→ TASK TO CARRY OUT:
Start at the first record below and retype through the last, exactly.

→ STUDY MATERIAL:
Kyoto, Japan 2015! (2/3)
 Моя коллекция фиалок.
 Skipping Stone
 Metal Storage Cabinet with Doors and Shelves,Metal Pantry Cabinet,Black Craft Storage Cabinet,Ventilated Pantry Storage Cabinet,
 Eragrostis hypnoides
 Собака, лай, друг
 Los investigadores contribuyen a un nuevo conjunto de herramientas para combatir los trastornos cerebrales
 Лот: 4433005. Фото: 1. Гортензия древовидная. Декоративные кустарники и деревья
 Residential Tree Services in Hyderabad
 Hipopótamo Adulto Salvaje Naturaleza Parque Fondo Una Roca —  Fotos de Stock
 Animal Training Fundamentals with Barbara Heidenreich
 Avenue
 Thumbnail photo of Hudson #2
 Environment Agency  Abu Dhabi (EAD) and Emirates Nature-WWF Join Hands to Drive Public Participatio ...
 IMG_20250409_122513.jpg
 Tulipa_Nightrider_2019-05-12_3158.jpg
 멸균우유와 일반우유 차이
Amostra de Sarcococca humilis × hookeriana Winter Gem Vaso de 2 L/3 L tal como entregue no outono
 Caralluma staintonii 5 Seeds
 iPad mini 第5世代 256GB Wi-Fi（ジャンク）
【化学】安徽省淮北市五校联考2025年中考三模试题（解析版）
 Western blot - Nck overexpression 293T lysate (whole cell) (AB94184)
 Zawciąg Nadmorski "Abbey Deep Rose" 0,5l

→ ANSWER SPACE:
Kyoto, Japan 2015! (2/3)
 Моя коллекция фиалок.
 Skipping Stone
 Metal Storage Cabinet with Doors and Shelves,Metal Pantry Cabinet,Black Craft Storage Cabinet,Ventilated Pantry Storage Cabinet,
 Eragrostis hypnoides
 Собака, лай, друг
 Los investigadores contribuyen a un nuevo conjunto de herramientas para combatir los trastornos cerebrales
 Лот: 4433005. Фото: 1. Гортензия древовидная. Декоративные кустарники и деревья
 Residential Tree Services in Hyderabad
 Hipopótamo Adulto Salvaje Naturaleza Parque Fondo Una Roca —  Fotos de Stock
 Animal Training Fundamentals with Barbara Heidenreich
 Avenue
 Thumbnail photo of Hudson #2
 Environment Agency  Abu Dhabi (EAD) and Emirates Nature-WWF Join Hands to Drive Public Participatio ...
 IMG_20250409_122513.jpg
 Tulipa_Nightrider_2019-05-12_3158.jpg
 멸균우유와 일반우유 차이
Amostra de Sarcococca humilis × hookeriana Winter Gem Vaso de 2 L/3 L tal como entregue no outono
 Caralluma staintonii 5 Seeds
 iPad mini 第5世代 256GB Wi-Fi（ジャンク）
【化学】安徽省淮北市五校联考2025年中考三模试题（解析版）
 Western blot - Nck overexpression 293T lysate (whole cell) (AB94184)
 Zawciąg Nadmorski "Abbey Deep Rose" 0,5l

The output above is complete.